**EXERCISE DETAILS**
Your task is to transcribe, without alteration, the lines from the top of the material below through the line bearing "Baño de Casa", inclusive.

**MATERIAL PROVIDED**
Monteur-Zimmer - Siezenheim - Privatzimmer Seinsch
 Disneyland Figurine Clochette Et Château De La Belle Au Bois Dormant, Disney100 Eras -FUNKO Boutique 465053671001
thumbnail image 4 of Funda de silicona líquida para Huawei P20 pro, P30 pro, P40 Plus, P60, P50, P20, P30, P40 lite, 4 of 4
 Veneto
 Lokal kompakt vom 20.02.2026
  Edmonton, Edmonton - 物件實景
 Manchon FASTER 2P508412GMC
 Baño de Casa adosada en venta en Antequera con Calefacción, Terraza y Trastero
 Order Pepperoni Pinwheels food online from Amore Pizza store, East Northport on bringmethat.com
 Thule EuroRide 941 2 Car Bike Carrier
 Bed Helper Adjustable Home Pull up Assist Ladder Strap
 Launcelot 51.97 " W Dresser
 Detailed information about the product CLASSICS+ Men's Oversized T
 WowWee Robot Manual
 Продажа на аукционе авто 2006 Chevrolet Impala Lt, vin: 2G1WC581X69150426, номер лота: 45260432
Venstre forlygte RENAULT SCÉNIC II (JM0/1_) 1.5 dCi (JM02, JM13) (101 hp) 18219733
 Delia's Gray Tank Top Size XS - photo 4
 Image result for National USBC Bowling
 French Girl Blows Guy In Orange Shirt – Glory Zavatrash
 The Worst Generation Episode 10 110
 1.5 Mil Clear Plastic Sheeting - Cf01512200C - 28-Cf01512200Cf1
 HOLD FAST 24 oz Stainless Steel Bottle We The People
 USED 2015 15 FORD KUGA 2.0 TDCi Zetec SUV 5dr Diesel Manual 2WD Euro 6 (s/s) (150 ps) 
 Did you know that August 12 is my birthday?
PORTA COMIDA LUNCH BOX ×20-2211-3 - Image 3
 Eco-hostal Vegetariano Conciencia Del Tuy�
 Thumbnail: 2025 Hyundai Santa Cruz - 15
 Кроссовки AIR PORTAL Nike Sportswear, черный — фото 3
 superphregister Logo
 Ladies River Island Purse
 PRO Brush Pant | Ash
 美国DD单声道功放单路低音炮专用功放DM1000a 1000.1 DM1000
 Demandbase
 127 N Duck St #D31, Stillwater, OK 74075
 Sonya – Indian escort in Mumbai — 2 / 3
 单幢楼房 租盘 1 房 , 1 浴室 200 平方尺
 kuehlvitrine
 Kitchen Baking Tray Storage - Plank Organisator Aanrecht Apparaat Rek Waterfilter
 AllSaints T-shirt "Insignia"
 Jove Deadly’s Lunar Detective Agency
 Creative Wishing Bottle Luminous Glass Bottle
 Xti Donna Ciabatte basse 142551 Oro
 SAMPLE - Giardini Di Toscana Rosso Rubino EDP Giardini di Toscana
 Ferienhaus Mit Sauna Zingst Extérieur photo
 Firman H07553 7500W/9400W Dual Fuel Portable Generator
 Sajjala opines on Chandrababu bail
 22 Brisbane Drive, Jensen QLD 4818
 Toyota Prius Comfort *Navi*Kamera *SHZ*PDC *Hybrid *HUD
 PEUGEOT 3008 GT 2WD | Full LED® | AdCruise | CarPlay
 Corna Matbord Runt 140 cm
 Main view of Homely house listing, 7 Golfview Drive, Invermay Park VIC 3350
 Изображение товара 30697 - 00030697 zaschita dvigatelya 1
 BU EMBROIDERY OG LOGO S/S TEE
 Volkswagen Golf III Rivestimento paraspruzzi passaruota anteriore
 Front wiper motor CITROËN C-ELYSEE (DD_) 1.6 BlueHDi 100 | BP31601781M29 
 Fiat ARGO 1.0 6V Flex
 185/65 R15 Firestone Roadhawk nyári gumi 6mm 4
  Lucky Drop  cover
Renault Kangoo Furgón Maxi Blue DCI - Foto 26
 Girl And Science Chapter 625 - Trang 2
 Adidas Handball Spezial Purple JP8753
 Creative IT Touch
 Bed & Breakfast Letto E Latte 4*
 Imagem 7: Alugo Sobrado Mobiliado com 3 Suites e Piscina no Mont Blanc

**RESPONSE AREA**
Monteur-Zimmer - Siezenheim - Privatzimmer Seinsch
 Disneyland Figurine Clochette Et Château De La Belle Au Bois Dormant, Disney100 Eras -FUNKO Boutique 465053671001
thumbnail image 4 of Funda de silicona líquida para Huawei P20 pro, P30 pro, P40 Plus, P60, P50, P20, P30, P40 lite, 4 of 4
 Veneto
 Lokal kompakt vom 20.02.2026
  Edmonton, Edmonton - 物件實景
 Manchon FASTER 2P508412GMC
 Baño de Casa adosada en venta en Antequera con Calefacción, Terraza y Trastero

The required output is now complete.